Livestock Transportation Industry Adapts to Higher Livestock Movements
Farmscape for April 24, 2003 (Episode 1227)
A livestock transportation study conducted in Alberta shows the trucking industry is responding well to the challenges posed by increased numbers of livestock movements.
The livestock transportation study was spearheaded through the Alberta Farm Animal Care Association to determine how the livestock transportation industry has changed since the completion of a similar 1994 study.
The follow-up looked at the entire industry within Alberta in 2002.
Association Manager Susan Church says the follow-up has shown there is a far greater number of livestock on our roads today than there were in 1994.
Clip-Susan Church-Alberta Farm Animal Care Association
The movement of livestock is greatly increased because of our livestock populations.
We have exports going to the states.
We have a lot of interprovincial movement of live animals and we've been looking at that in Alberta just to get a better handle on the size of the industry.
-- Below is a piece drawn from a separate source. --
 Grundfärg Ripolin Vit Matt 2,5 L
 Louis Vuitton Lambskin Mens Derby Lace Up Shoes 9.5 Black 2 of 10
We've determined that there is about 480 loads of livestock on our highway every working day.
That's a lot of livestock moving and it's one of the most stressful aspects of an animal's life.
You're relocating that animal and that whole relocation process has to be examined from a standpoint of how it affects the quality of the meat, how it affects the overall stress of the animal, how we deal with injuries of the animal, are we putting too many in a truck, are we properly training our truckers, are our trucks properly designed and the list goes on.
Church says issues the industry is working on include, things like roll overs, how do we prevent them, what causes them?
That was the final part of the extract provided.